„HASS“ oder „NICHTS“ wären vielleicht noch treffendere Titel für „ANGST“ gewesen, aber das passt auch. Irgendein negatives Gefühl jedenfalls. Lance Butters lässt (im übertragenen Sinne) seine Maske fallen und zeigt sich menschlich, verletzlich und facettenreich.
Ab und an wird zwar noch immer auf der Rapszene herumgehackt, im Kontext von „ANGST“ fühlt sich das aber nicht mehr wie ein Lückenfüller an, weil eben kein besseres Thema parat ist und das ja immer geht, sondern fügt sich in den Charakter neuen, spannenden Lance ein – der ist nämlich wahnsinnig hasserfüllt. Auch auf sich selbst. Das Songwriting hat ohnehin einen enormen Sprung gemacht, etwa wenn auf „Kuchen“ gegen die Szene geschossen wird, in der jeder sein Stück vom namensgebenden Süßgebäck abhaben will und ebendieses Motiv sich durch den gesamten Song zieht.

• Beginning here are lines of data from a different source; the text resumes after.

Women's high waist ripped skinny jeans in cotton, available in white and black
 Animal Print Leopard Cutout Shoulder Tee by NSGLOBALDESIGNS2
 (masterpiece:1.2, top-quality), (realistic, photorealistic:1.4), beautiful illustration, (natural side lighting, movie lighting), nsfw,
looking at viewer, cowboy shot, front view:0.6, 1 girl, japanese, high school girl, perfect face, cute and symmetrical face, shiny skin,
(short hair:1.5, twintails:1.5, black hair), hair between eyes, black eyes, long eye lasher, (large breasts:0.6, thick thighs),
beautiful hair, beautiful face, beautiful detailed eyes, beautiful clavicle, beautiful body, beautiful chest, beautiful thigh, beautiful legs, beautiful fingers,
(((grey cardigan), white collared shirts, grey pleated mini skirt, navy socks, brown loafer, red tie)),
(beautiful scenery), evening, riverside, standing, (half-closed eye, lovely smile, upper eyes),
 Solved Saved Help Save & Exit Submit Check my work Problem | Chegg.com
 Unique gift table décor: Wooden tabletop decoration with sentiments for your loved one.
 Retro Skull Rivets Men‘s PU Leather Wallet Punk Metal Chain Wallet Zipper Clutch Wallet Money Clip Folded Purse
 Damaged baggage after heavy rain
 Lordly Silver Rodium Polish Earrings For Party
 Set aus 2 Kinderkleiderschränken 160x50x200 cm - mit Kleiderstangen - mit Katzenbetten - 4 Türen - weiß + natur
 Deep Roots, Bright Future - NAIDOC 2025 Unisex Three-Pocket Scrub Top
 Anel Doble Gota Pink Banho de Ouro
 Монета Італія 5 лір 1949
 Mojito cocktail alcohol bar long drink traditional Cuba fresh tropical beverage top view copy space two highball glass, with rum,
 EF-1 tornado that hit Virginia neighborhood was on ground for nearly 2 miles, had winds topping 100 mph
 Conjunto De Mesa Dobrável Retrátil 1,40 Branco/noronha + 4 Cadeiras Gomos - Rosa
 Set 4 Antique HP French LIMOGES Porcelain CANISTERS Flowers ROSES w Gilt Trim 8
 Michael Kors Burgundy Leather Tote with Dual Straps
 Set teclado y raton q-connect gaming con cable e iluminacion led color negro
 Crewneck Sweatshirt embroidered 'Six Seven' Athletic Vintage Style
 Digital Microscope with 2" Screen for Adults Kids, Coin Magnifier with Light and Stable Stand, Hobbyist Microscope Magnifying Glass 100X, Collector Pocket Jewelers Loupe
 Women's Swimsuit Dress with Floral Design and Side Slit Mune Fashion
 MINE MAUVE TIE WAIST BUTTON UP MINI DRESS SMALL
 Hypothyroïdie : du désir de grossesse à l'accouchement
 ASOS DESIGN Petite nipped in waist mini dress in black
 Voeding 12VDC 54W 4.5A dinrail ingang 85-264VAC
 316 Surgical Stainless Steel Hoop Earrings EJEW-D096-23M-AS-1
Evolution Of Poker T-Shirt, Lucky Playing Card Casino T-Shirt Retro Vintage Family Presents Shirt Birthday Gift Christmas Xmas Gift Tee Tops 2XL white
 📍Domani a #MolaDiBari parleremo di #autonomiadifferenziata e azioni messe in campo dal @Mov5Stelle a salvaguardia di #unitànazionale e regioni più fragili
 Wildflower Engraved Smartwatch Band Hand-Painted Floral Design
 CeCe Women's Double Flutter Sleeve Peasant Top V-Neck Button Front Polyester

„Doch hab den Kuchen dann probiert, der euch alle so verrückt macht – und dann erkannt, dass er beschissen schmeckt.“
Die wichtigen Momente liegen aber klar in den Songs, in denen Lance blank zieht. Aus dem arroganten Kerl, der fluchend und schimpfend über den Dingen schwebt, wird plötzlich ein zutiefst verletzter Mensch, der sich in Selbsthass, Misanthropie und Nihilismus flüchtet, die Einsamkeit genießt und Zwischenmenschlichkeiten nicht viel abgewinnen kann. Das ist aber kein einfacher Imagewechsel, sondern wird erschütternd nachvollziehbar erklärt.
Einen makaberen Höhepunkt stellt dabei „So Schön“ dar, auf dem Lance über die frühe Scheidung seiner Eltern, eigene Macken, die seine Mutter aufs Erbgut seines früh verstorbenen Vaters zurückführt, dem Lance gerne ins Licht folgen würde – ach, viel zu viel, um es mal eben zusammenzufassen. Der unbehagliche, eiskalte Beat und der nüchterne, distanzierte Vortrag tun ihr übriges, um eine brutal makabere und beklemmende Atmosphäre zu erzeugen. Ernsthaft: In 1000 Jahren hätte ich Lance nicht zugetraut, mich dermaßen zu packen.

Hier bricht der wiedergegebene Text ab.